• **Work instruction**
The answer should hold only the lines from the one containing "Renault Zoe Other devices 266804179R" through the one containing "2023 Part #162" in the entries below, copied exactly, without pictures.

Information provided section start

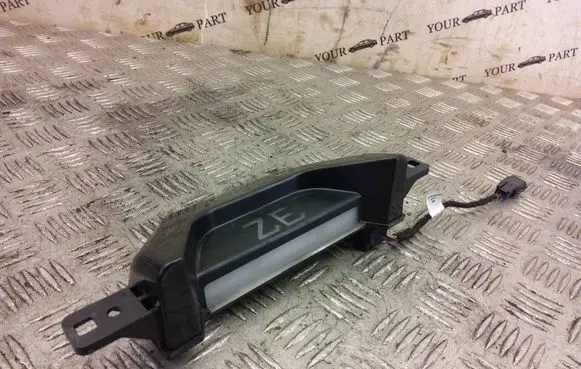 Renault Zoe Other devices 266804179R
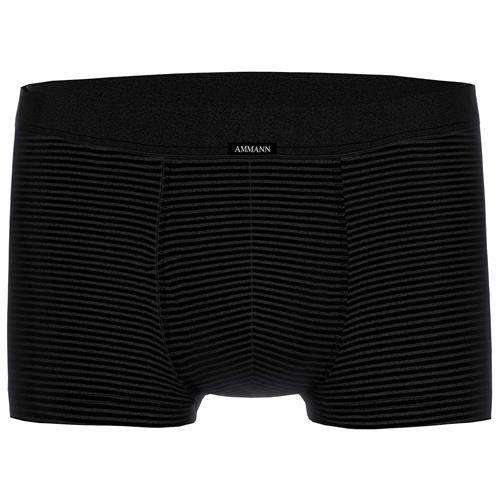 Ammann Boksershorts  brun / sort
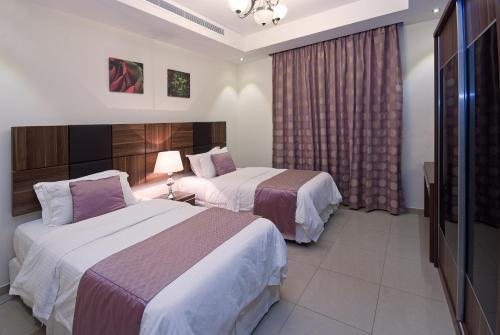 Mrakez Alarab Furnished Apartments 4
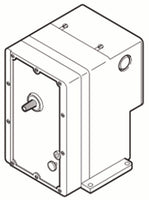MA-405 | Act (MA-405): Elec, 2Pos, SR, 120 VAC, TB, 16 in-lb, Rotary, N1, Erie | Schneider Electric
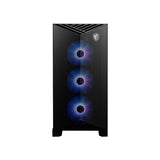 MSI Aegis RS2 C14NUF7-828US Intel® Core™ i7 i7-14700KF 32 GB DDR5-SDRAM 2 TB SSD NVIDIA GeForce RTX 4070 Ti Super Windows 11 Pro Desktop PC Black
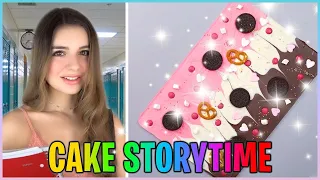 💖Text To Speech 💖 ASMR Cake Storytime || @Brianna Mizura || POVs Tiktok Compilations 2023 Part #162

Information provided section end
Information provided section start

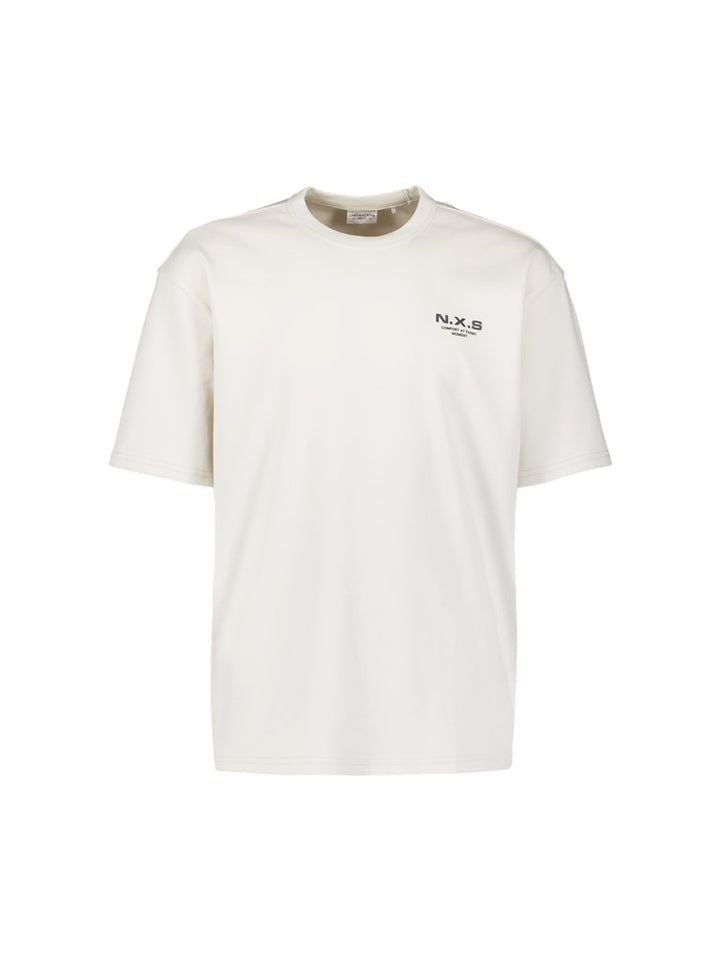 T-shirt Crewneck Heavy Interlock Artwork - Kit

Information provided section end

• **Result of this exercise**
 Renault Zoe Other devices 266804179R
 Ammann Boksershorts  brun / sort
 Mrakez Alarab Furnished Apartments 4
MA-405 | Act (MA-405): Elec, 2Pos, SR, 120 VAC, TB, 16 in-lb, Rotary, N1, Erie | Schneider Electric
 MSI Aegis RS2 C14NUF7-828US Intel® Core™ i7 i7-14700KF 32 GB DDR5-SDRAM 2 TB SSD NVIDIA GeForce RTX 4070 Ti Super Windows 11 Pro Desktop PC Black
 💖Text To Speech 💖 ASMR Cake Storytime || @Brianna Mizura || POVs Tiktok Compilations 2023 Part #162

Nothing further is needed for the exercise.